Up until this point, all instructional posts were tutorials on setting up an infrastructure and readying an environment for data science projects. Over the next two tutorials, I am going to walk you through a complete data analysis project. You will be shown the proper steps necessary to ensure a consistent and repeatable process that can be used for all your data analysis projects. Simply put, this tutorial’s goal is to create a framework and provide a set of tools that can be used to support any data science project.
1. Steps to a Data Analysis
When you perform a data analysis, the steps you follow will almost always include the same sequence of events for each project. This will result in a consistent and repeatable process that can be accounted for each step of the way. Having the ability to audit and keep a record of each step of your data analysis is extremely important. This is especially true when you are asked to justify the steps that led to a particular conclusion. The steps outlined here are a combination of: 1. My Experience, 2. Ideas expressed in EMC’s Data Science and Big Data Analytics course and 3. Ideas from Jeff Leek’s “Data Analysis” course offered through Coursera.
a. Discovery – What is the question to be answered and does an adequate data set exist such that a meaningful analysis can be performed.
b. Data acquisition – Here you will be gathering and staging the data in your environment. You should always try to start with data that has not been processed in any way. That is to say, you should always start with raw data. If you cannot get the raw data, you need to understand how the data was transformed and/or processed.
c. Data Cleansing – Raw data will almost always need to be cleansed. Tidy Data best practices should always be applied.
d. Data Munging – Alter names of data variables, split data variables into two or more, reshape data, seek outliers and remove if necessary, etc.
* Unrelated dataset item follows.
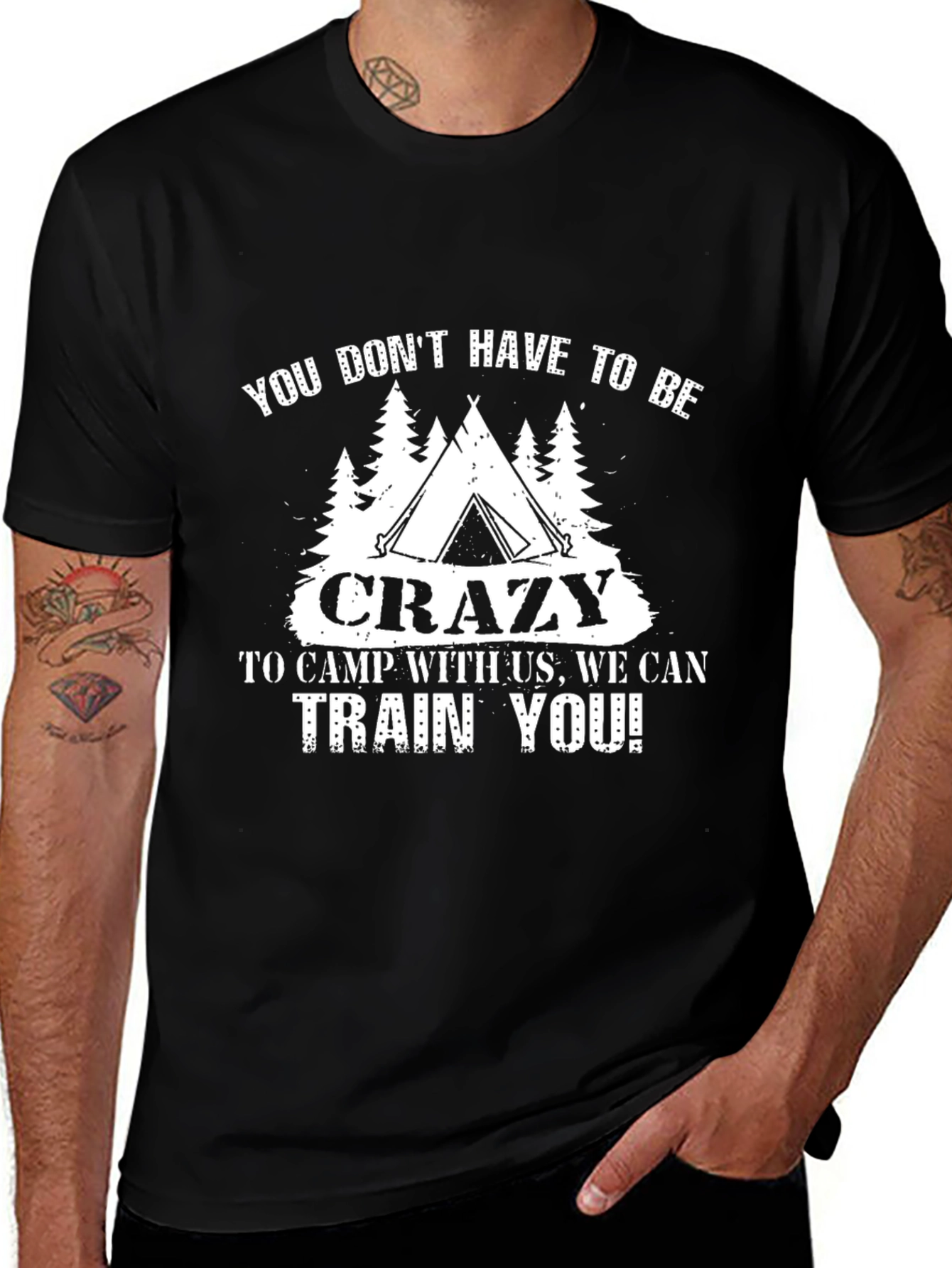 Crazy Camp Training T-Shirt - Mens Black Graphic Tee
During this phase, data is split into “training” and “test” data sets if applicable.
e. Data Exploration and Model Planning – Initial exploratory graphs, look for correlations in multivariate data, etc. This is the step where you begin to understand which types of models will be used to answer the questions asked of the data.
f. Data Analysis and Model Building – Training data is analyzed with model selections, results are recorded and patterns take shape. Final models are then applied (when applicable) to the “test” data.
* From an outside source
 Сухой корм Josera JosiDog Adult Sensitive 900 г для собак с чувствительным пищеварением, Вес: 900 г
g. Interpretation and scrutinization of results – During this time you ask yourself whether or not the results make sense, whether or not the correct models were applied, whether or not the test data set was complete, “are these results valid.” Always question the outcome of your analysis.
h. Analysis write-up – Write up a clear and methodical report of the sequence of events that culminated in the final analysis. It should be noted that you do not need to include every single step of your analysis. You need only include those steps that tell a complete, but compact story. It is critical that your write-up is written for the intended audience. If it is for non-technical people, ensure that the message is written in a language that is easily digestible by them. If the audience is technical, such as data scientists, then ensure the details of your modeling are described. Know your audience and write to them in a way that ensures your work is understood.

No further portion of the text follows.